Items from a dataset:
- Opening Delimiter -

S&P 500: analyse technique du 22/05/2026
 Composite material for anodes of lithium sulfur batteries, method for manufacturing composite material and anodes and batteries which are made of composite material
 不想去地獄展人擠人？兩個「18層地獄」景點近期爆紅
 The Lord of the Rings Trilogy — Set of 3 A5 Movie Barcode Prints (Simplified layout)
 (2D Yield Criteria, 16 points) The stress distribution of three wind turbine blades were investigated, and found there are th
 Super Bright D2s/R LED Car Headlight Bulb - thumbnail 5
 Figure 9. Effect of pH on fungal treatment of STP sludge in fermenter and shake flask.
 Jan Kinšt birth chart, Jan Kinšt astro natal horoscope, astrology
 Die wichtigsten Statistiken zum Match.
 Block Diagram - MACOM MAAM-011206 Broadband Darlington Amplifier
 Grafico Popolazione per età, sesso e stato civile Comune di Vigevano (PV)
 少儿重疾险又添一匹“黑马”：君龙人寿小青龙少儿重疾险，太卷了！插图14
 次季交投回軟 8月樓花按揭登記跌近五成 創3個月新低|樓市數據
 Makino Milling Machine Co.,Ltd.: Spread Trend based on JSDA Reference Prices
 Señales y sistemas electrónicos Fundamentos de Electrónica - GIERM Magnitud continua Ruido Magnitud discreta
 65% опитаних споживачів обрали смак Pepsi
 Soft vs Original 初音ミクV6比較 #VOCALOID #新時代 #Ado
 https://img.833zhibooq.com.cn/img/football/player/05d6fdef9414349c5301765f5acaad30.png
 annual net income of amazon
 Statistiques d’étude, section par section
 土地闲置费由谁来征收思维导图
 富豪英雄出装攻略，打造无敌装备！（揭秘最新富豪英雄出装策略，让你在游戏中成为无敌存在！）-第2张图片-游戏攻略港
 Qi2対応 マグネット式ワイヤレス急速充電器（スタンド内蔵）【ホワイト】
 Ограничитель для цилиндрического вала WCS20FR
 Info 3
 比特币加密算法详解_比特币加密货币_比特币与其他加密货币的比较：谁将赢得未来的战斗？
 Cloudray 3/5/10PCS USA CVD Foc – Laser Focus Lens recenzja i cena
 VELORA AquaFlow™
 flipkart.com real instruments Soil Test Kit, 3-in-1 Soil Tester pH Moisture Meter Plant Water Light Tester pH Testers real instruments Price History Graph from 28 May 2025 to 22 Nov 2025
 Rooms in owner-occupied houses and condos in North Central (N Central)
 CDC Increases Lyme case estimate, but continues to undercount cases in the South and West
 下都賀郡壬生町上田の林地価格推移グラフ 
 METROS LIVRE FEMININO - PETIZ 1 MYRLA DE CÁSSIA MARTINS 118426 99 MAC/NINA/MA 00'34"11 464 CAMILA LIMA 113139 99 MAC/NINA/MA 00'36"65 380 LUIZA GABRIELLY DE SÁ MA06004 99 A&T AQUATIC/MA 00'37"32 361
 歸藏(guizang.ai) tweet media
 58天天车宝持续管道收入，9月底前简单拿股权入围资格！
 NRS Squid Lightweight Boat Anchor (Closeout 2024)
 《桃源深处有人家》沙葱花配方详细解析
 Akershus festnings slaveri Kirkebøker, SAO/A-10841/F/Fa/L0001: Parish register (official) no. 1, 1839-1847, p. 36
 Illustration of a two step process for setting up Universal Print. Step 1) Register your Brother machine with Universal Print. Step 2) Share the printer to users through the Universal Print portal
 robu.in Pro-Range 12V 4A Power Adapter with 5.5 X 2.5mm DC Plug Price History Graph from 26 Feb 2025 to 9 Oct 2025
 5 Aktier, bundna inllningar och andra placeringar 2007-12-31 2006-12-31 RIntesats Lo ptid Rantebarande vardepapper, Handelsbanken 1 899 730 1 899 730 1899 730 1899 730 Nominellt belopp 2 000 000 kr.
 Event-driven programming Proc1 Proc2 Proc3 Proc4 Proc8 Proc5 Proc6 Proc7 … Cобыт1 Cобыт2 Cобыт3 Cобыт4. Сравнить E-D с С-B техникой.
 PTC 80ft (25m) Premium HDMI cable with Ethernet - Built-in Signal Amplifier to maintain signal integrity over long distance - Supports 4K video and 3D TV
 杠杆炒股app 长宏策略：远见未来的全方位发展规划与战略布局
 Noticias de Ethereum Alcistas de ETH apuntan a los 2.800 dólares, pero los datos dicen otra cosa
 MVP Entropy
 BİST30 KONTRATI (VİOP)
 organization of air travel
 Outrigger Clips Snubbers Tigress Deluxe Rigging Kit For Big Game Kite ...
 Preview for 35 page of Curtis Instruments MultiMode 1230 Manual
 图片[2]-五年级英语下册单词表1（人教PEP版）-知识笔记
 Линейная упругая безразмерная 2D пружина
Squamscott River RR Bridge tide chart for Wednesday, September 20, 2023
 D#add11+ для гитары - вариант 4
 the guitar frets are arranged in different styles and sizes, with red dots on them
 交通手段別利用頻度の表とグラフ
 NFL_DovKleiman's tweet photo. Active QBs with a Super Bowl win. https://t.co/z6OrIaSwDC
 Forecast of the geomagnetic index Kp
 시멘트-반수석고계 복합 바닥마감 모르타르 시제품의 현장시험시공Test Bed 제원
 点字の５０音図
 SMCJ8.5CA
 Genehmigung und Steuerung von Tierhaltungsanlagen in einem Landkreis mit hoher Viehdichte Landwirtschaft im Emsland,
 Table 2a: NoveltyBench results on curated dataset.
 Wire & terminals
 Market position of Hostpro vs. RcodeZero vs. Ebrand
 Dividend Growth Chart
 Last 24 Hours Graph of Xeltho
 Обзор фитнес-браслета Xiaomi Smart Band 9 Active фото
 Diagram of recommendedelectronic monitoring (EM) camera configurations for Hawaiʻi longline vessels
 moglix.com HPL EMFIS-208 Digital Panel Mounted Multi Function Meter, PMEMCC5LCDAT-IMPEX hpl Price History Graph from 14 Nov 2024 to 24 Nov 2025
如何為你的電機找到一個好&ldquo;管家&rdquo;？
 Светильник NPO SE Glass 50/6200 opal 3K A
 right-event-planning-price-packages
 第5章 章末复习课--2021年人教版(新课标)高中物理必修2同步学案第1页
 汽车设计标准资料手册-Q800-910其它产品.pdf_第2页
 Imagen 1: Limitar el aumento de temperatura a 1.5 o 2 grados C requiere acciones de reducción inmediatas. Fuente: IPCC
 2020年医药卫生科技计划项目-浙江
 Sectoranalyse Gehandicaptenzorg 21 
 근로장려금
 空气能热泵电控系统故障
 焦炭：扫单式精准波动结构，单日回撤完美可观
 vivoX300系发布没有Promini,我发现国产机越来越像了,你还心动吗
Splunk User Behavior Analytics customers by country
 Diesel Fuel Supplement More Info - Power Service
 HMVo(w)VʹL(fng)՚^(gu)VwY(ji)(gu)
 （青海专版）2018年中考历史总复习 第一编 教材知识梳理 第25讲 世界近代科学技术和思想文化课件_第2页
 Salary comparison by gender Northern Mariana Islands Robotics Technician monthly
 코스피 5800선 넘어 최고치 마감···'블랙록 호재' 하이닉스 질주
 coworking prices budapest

- Closing Delimiter -

PROBLEM
Copy each record exactly, leaving nothing out.

YOUR SOLUTION
S&P 500: analyse technique du 22/05/2026
 Composite material for anodes of lithium sulfur batteries, method for manufacturing composite material and anodes and batteries which are made of composite material
 不想去地獄展人擠人？兩個「18層地獄」景點近期爆紅
 The Lord of the Rings Trilogy — Set of 3 A5 Movie Barcode Prints (Simplified layout)
 (2D Yield Criteria, 16 points) The stress distribution of three wind turbine blades were investigated, and found there are th
 Super Bright D2s/R LED Car Headlight Bulb - thumbnail 5
 Figure 9. Effect of pH on fungal treatment of STP sludge in fermenter and shake flask.
 Jan Kinšt birth chart, Jan Kinšt astro natal horoscope, astrology
 Die wichtigsten Statistiken zum Match.
 Block Diagram - MACOM MAAM-011206 Broadband Darlington Amplifier
 Grafico Popolazione per età, sesso e stato civile Comune di Vigevano (PV)
 少儿重疾险又添一匹“黑马”：君龙人寿小青龙少儿重疾险，太卷了！插图14
 次季交投回軟 8月樓花按揭登記跌近五成 創3個月新低|樓市數據
 Makino Milling Machine Co.,Ltd.: Spread Trend based on JSDA Reference Prices
 Señales y sistemas electrónicos Fundamentos de Electrónica - GIERM Magnitud continua Ruido Magnitud discreta
 65% опитаних споживачів обрали смак Pepsi
 Soft vs Original 初音ミクV6比較 #VOCALOID #新時代 #Ado
 https://img.833zhibooq.com.cn/img/football/player/05d6fdef9414349c5301765f5acaad30.png
 annual net income of amazon
 Statistiques d’étude, section par section
 土地闲置费由谁来征收思维导图
 富豪英雄出装攻略，打造无敌装备！（揭秘最新富豪英雄出装策略，让你在游戏中成为无敌存在！）-第2张图片-游戏攻略港
 Qi2対応 マグネット式ワイヤレス急速充電器（スタンド内蔵）【ホワイト】
 Ограничитель для цилиндрического вала WCS20FR
 Info 3
 比特币加密算法详解_比特币加密货币_比特币与其他加密货币的比较：谁将赢得未来的战斗？
 Cloudray 3/5/10PCS USA CVD Foc – Laser Focus Lens recenzja i cena
 VELORA AquaFlow™
 flipkart.com real instruments Soil Test Kit, 3-in-1 Soil Tester pH Moisture Meter Plant Water Light Tester pH Testers real instruments Price History Graph from 28 May 2025 to 22 Nov 2025
 Rooms in owner-occupied houses and condos in North Central (N Central)
 CDC Increases Lyme case estimate, but continues to undercount cases in the South and West
 下都賀郡壬生町上田の林地価格推移グラフ 
 METROS LIVRE FEMININO - PETIZ 1 MYRLA DE CÁSSIA MARTINS 118426 99 MAC/NINA/MA 00'34"11 464 CAMILA LIMA 113139 99 MAC/NINA/MA 00'36"65 380 LUIZA GABRIELLY DE SÁ MA06004 99 A&T AQUATIC/MA 00'37"32 361
 歸藏(guizang.ai) tweet media
 58天天车宝持续管道收入，9月底前简单拿股权入围资格！
 NRS Squid Lightweight Boat Anchor (Closeout 2024)
 《桃源深处有人家》沙葱花配方详细解析
 Akershus festnings slaveri Kirkebøker, SAO/A-10841/F/Fa/L0001: Parish register (official) no. 1, 1839-1847, p. 36
 Illustration of a two step process for setting up Universal Print. Step 1) Register your Brother machine with Universal Print. Step 2) Share the printer to users through the Universal Print portal
 robu.in Pro-Range 12V 4A Power Adapter with 5.5 X 2.5mm DC Plug Price History Graph from 26 Feb 2025 to 9 Oct 2025
 5 Aktier, bundna inllningar och andra placeringar 2007-12-31 2006-12-31 RIntesats Lo ptid Rantebarande vardepapper, Handelsbanken 1 899 730 1 899 730 1899 730 1899 730 Nominellt belopp 2 000 000 kr.
 Event-driven programming Proc1 Proc2 Proc3 Proc4 Proc8 Proc5 Proc6 Proc7 … Cобыт1 Cобыт2 Cобыт3 Cобыт4. Сравнить E-D с С-B техникой.
 PTC 80ft (25m) Premium HDMI cable with Ethernet - Built-in Signal Amplifier to maintain signal integrity over long distance - Supports 4K video and 3D TV
 杠杆炒股app 长宏策略：远见未来的全方位发展规划与战略布局
 Noticias de Ethereum Alcistas de ETH apuntan a los 2.800 dólares, pero los datos dicen otra cosa
 MVP Entropy
 BİST30 KONTRATI (VİOP)
 organization of air travel
 Outrigger Clips Snubbers Tigress Deluxe Rigging Kit For Big Game Kite ...
 Preview for 35 page of Curtis Instruments MultiMode 1230 Manual
 图片[2]-五年级英语下册单词表1（人教PEP版）-知识笔记
 Линейная упругая безразмерная 2D пружина
Squamscott River RR Bridge tide chart for Wednesday, September 20, 2023
 D#add11+ для гитары - вариант 4
 the guitar frets are arranged in different styles and sizes, with red dots on them
 交通手段別利用頻度の表とグラフ
 NFL_DovKleiman's tweet photo. Active QBs with a Super Bowl win. https://t.co/z6OrIaSwDC
 Forecast of the geomagnetic index Kp
 시멘트-반수석고계 복합 바닥마감 모르타르 시제품의 현장시험시공Test Bed 제원
 点字の５０音図
 SMCJ8.5CA
 Genehmigung und Steuerung von Tierhaltungsanlagen in einem Landkreis mit hoher Viehdichte Landwirtschaft im Emsland,
 Table 2a: NoveltyBench results on curated dataset.
 Wire & terminals
 Market position of Hostpro vs. RcodeZero vs. Ebrand
 Dividend Growth Chart
 Last 24 Hours Graph of Xeltho
 Обзор фитнес-браслета Xiaomi Smart Band 9 Active фото
 Diagram of recommendedelectronic monitoring (EM) camera configurations for Hawaiʻi longline vessels
 moglix.com HPL EMFIS-208 Digital Panel Mounted Multi Function Meter, PMEMCC5LCDAT-IMPEX hpl Price History Graph from 14 Nov 2024 to 24 Nov 2025
如何為你的電機找到一個好&ldquo;管家&rdquo;？
 Светильник NPO SE Glass 50/6200 opal 3K A
 right-event-planning-price-packages
 第5章 章末复习课--2021年人教版(新课标)高中物理必修2同步学案第1页
 汽车设计标准资料手册-Q800-910其它产品.pdf_第2页
 Imagen 1: Limitar el aumento de temperatura a 1.5 o 2 grados C requiere acciones de reducción inmediatas. Fuente: IPCC
 2020年医药卫生科技计划项目-浙江
 Sectoranalyse Gehandicaptenzorg 21 
 근로장려금
 空气能热泵电控系统故障
 焦炭：扫单式精准波动结构，单日回撤完美可观
 vivoX300系发布没有Promini,我发现国产机越来越像了,你还心动吗
Splunk User Behavior Analytics customers by country
 Diesel Fuel Supplement More Info - Power Service
 HMVo(w)VʹL(fng)՚^(gu)VwY(ji)(gu)
 （青海专版）2018年中考历史总复习 第一编 教材知识梳理 第25讲 世界近代科学技术和思想文化课件_第2页
 Salary comparison by gender Northern Mariana Islands Robotics Technician monthly
 코스피 5800선 넘어 최고치 마감···'블랙록 호재' 하이닉스 질주
 coworking prices budapest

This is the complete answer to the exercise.